▸ YOUR GOAL:
Transcribe the stretch of entries below from the line with "Squash - Winter" through the line with "Free shipping.", exactly and with both ends included; leave out all other lines.

================

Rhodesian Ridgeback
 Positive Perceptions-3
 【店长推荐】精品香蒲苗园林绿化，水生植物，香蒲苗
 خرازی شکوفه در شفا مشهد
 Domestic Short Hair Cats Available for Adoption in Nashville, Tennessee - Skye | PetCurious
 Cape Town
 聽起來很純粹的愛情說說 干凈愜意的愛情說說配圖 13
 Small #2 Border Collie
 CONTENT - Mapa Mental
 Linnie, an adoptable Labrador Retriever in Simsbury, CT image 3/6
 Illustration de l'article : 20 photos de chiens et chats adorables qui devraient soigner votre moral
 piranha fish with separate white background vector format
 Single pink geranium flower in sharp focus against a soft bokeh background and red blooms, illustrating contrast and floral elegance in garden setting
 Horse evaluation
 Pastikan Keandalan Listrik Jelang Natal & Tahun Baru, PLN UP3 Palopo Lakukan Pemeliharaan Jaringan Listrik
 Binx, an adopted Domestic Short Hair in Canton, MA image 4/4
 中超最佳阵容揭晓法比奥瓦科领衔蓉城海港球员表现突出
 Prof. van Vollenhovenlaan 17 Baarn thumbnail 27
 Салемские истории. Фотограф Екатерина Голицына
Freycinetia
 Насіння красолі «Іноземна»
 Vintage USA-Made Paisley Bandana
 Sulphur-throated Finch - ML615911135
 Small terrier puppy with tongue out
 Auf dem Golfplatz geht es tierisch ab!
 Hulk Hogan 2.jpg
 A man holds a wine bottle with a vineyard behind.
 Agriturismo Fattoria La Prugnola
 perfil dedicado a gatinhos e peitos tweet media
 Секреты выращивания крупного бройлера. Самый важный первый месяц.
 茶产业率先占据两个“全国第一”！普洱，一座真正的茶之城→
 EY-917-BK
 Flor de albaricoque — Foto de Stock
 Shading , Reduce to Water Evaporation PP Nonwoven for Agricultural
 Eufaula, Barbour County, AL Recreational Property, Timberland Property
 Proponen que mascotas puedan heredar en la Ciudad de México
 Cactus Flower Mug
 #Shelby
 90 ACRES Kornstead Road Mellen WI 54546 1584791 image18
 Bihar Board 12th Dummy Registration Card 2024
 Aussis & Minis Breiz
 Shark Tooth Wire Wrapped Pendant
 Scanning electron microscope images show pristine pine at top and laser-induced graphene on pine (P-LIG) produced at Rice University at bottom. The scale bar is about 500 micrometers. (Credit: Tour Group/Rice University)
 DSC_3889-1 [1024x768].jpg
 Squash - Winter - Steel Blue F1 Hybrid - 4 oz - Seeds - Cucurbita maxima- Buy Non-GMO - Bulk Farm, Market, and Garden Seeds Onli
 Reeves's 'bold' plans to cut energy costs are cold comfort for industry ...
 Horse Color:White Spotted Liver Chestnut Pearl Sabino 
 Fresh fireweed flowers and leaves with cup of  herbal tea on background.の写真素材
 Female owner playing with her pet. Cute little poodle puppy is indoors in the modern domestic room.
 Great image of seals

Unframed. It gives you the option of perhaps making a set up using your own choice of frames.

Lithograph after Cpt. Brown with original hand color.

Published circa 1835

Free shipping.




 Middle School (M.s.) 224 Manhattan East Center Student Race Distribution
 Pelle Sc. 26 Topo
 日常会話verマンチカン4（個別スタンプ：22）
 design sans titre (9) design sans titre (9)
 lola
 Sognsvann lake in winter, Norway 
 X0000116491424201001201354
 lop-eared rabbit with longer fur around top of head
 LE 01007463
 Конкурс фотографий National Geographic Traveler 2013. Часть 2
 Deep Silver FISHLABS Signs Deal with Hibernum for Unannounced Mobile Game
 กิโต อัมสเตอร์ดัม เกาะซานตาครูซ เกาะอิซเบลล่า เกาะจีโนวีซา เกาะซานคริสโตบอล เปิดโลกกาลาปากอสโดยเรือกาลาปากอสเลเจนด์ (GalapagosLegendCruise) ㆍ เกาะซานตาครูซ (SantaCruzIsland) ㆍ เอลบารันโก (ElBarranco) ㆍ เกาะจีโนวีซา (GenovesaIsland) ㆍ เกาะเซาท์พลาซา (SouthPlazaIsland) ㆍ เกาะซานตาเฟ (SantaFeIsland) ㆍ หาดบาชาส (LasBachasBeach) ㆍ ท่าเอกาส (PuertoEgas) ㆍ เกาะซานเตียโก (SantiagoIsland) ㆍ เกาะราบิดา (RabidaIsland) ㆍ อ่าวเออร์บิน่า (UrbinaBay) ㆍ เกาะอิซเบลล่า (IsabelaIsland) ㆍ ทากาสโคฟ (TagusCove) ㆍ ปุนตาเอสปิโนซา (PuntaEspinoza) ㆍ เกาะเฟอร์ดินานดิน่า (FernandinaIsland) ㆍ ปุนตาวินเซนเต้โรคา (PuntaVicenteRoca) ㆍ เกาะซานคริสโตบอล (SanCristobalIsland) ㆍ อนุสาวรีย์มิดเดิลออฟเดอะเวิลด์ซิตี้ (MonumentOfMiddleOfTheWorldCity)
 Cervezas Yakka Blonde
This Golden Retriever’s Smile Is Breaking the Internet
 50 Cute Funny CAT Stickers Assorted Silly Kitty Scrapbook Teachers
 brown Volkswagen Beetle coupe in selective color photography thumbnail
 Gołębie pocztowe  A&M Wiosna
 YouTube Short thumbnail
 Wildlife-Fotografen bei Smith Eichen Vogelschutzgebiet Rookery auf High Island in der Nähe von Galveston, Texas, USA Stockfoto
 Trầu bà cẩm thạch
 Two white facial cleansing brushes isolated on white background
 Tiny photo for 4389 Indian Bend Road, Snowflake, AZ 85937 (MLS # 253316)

================

▸ YOUR SOLUTION:
 Squash - Winter - Steel Blue F1 Hybrid - 4 oz - Seeds - Cucurbita maxima- Buy Non-GMO - Bulk Farm, Market, and Garden Seeds Onli
 Reeves's 'bold' plans to cut energy costs are cold comfort for industry ...
 Horse Color:White Spotted Liver Chestnut Pearl Sabino 
 Fresh fireweed flowers and leaves with cup of  herbal tea on background.の写真素材
 Female owner playing with her pet. Cute little poodle puppy is indoors in the modern domestic room.
 Great image of seals

Unframed. It gives you the option of perhaps making a set up using your own choice of frames.

Lithograph after Cpt. Brown with original hand color.

Published circa 1835

Free shipping.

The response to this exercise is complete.